Tim Dale, Director of Biology, Europe, Essen BioScience, explains how live-cell ICC works in a SelectScience interview. “Live-cell ICC allows surface expression dynamics to be monitored. More importantly, these protein expression changes can be coupled to morphology and function by using this alongside many of IncuCyte’s functional applications,” says Tim (example shown below in Figure 3). Read the whole article here.
Figure 3. A co-culture of tumor cells (red) and immune cells (green) monitored on the IncuCyte. Expanded image masks measured the signal overlay i.e. the interaction between the two cell types.

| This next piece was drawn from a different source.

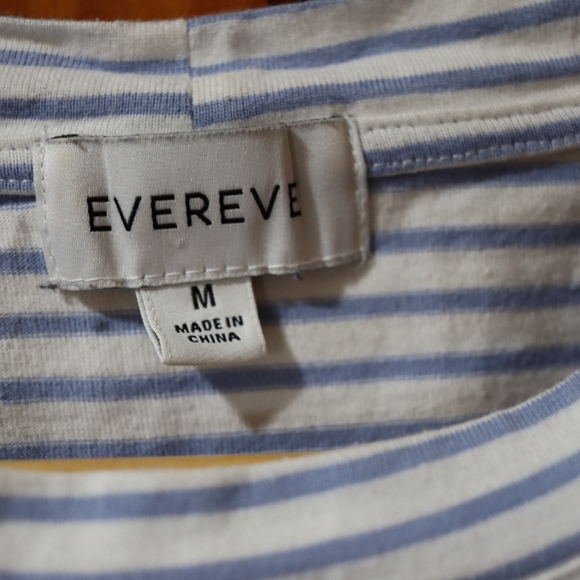 Evereve White and Blue Tie Front Muscle Tee Striped Preppy Nautical Medium - Picture 5 of 9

3. Live-cell analysis of cell subsets and heterogeneity
Add another dimension to cell culture microscopy by using live-cell analysis to identify and quantify cell subsets in heterogeneous cell populations. This method illustrates how you can use live-cell imaging to identify and quantify subsets using mixed cultures of Jurkat and Ramos B cells in cell culture media. Specific antibodies to the leucocyte common antigen, CD45 and the B-lymphocyte specific antigen, CD20, were labeled with FabFluor-488. The data in Figure 4 below demonstrates the identification of Jurkat- and Ramos-positive cells in the mixed culture. Get the entire method here.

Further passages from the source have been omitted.